PROMPT
Exact transcription of the data below is required, without the images.

___ COLLECTED MATERIAL ___

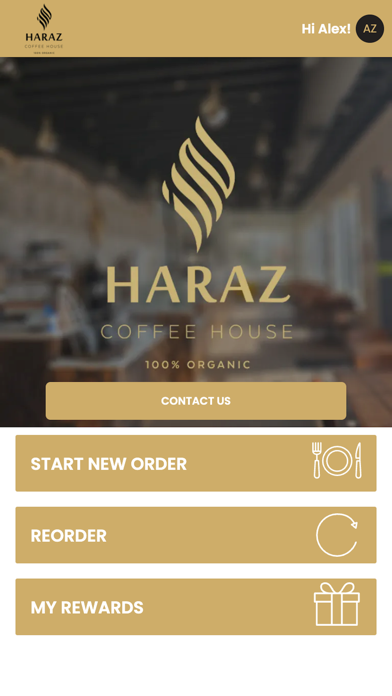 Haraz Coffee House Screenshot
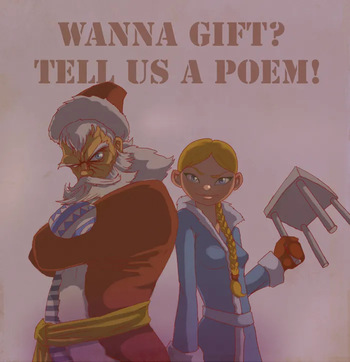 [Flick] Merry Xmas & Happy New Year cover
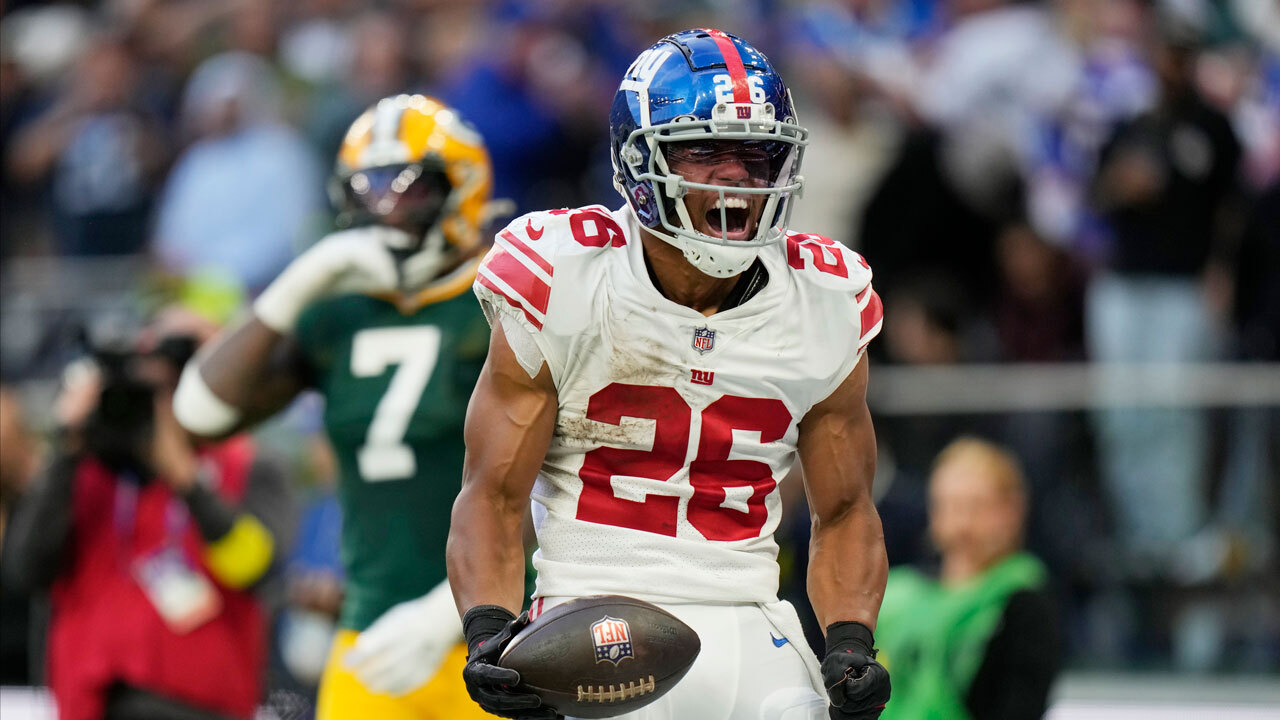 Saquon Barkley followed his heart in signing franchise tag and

___

RESULT BELOW
 Haraz Coffee House Screenshot
 [Flick] Merry Xmas & Happy New Year cover
 Saquon Barkley followed his heart in signing franchise tag and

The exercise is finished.